#### WHAT THIS TASK INVOLVES
Below are the records; give again exactly the line with "So that's it.", the line with "That is how", and each line that lies between them, and nothing besides.

#### SOURCE DATA

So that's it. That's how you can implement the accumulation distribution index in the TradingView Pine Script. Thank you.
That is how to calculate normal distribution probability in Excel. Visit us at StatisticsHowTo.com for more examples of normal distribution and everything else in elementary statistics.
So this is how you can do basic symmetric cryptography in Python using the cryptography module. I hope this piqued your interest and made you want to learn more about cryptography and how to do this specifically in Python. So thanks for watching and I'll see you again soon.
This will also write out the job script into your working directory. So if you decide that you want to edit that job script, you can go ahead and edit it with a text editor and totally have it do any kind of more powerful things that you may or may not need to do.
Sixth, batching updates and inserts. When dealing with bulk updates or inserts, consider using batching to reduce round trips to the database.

...

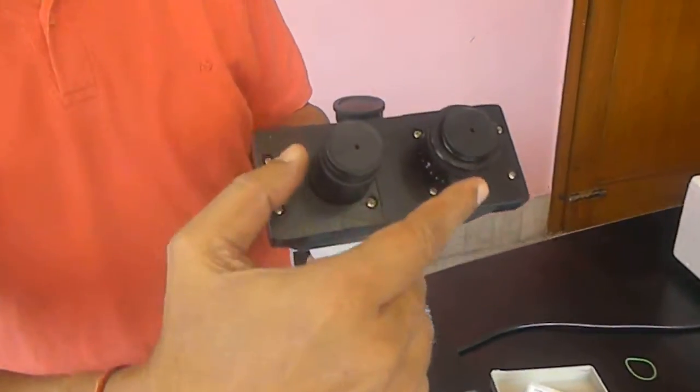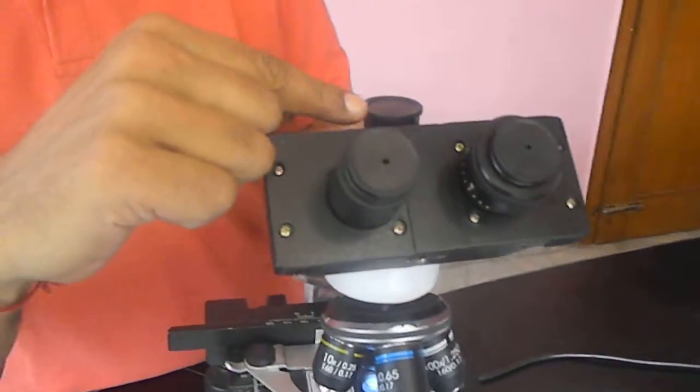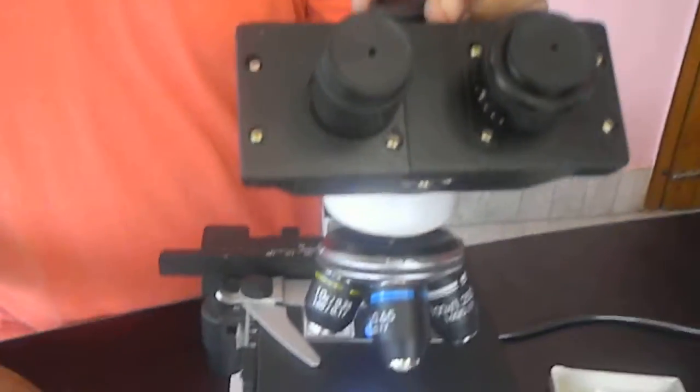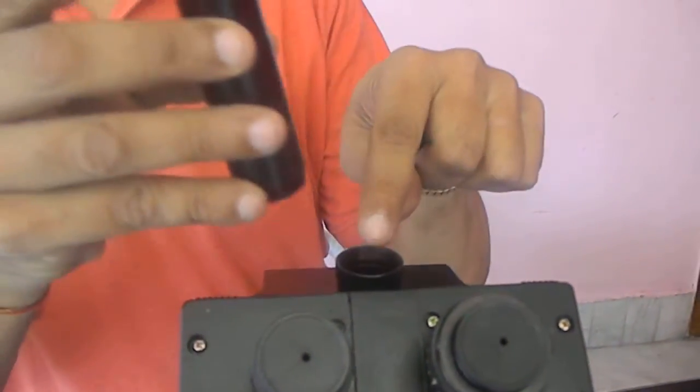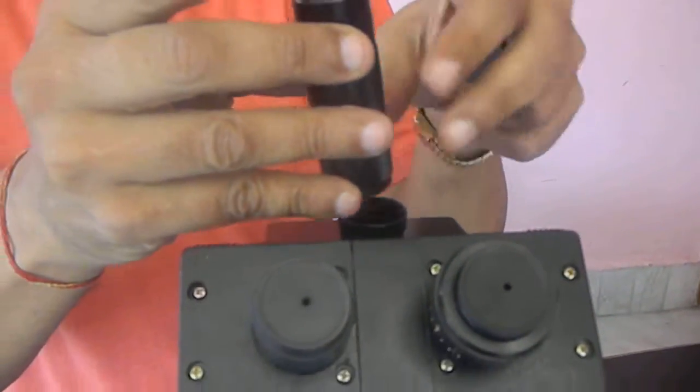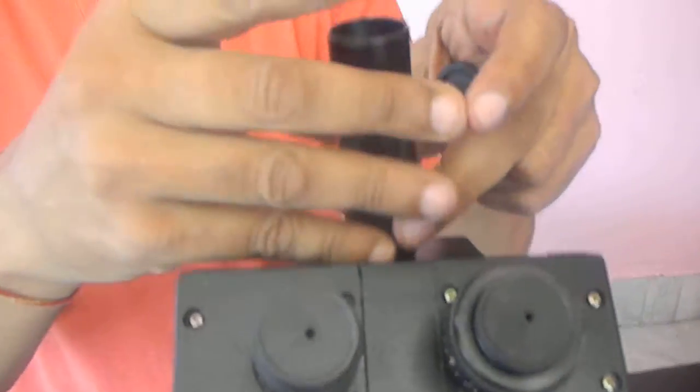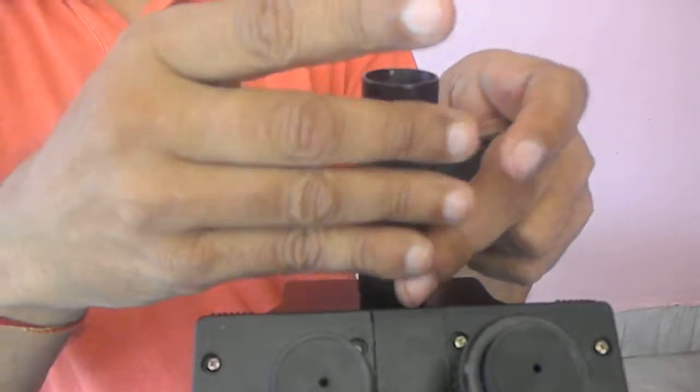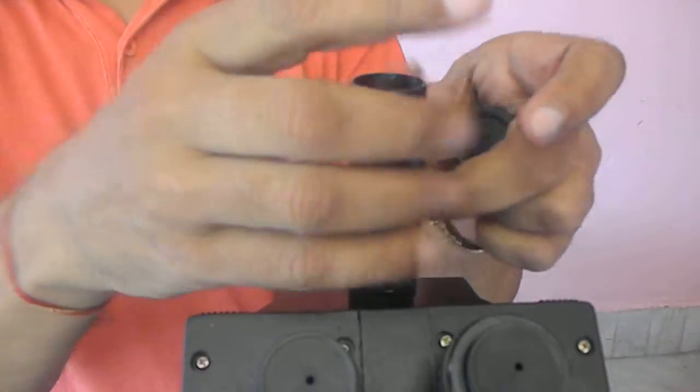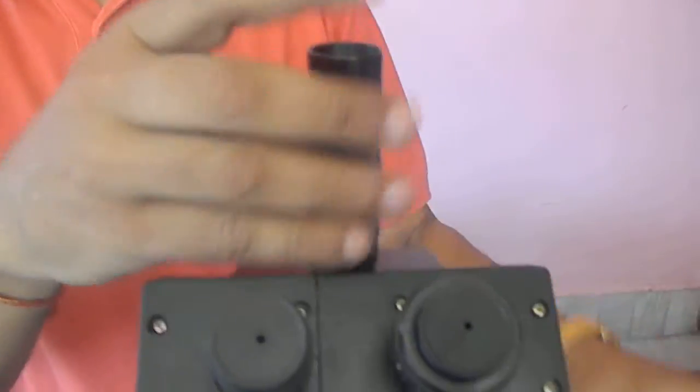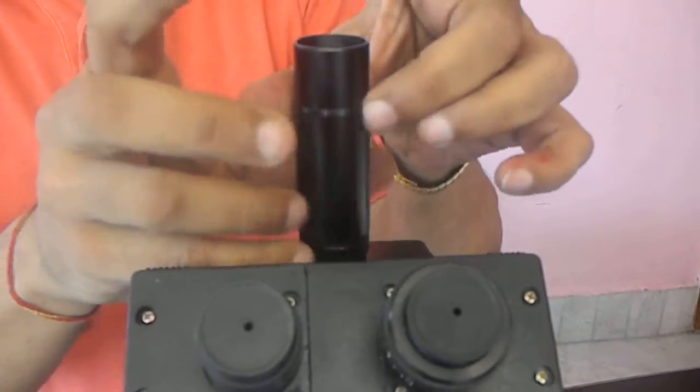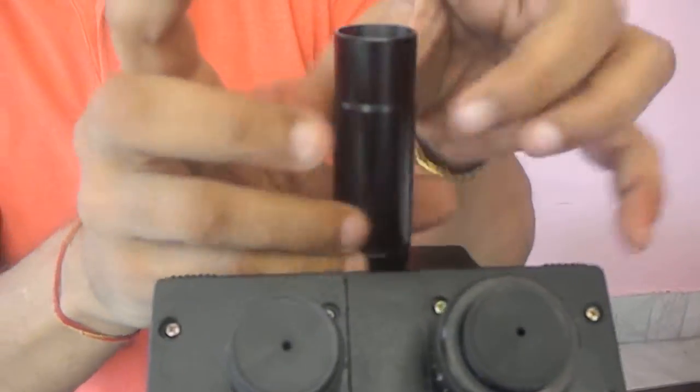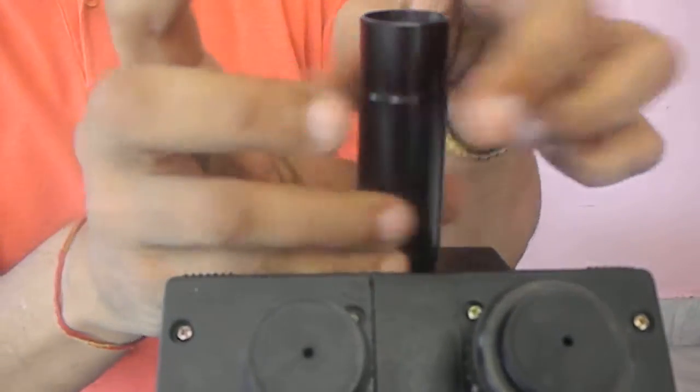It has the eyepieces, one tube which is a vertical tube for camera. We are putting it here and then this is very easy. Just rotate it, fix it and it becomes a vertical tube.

==

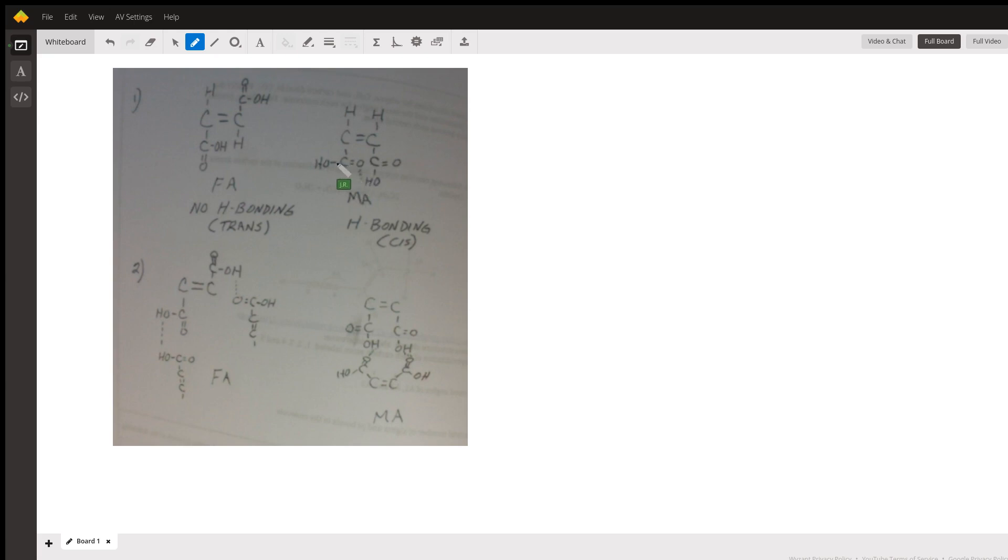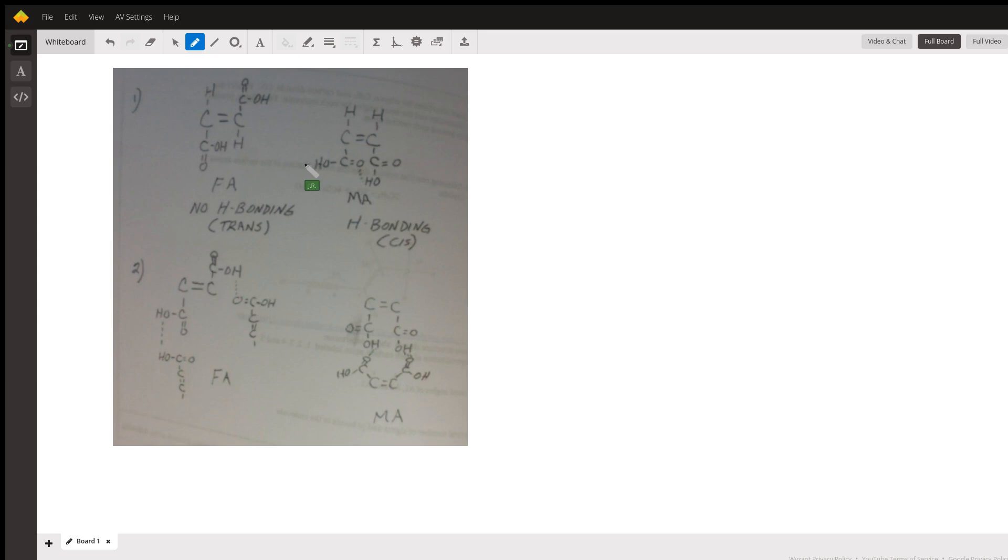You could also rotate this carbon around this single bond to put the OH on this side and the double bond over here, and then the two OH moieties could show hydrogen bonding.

#### TASK SOLUTION
So that's it. That's how you can implement the accumulation distribution index in the TradingView Pine Script. Thank you.
That is how to calculate normal distribution probability in Excel. Visit us at StatisticsHowTo.com for more examples of normal distribution and everything else in elementary statistics.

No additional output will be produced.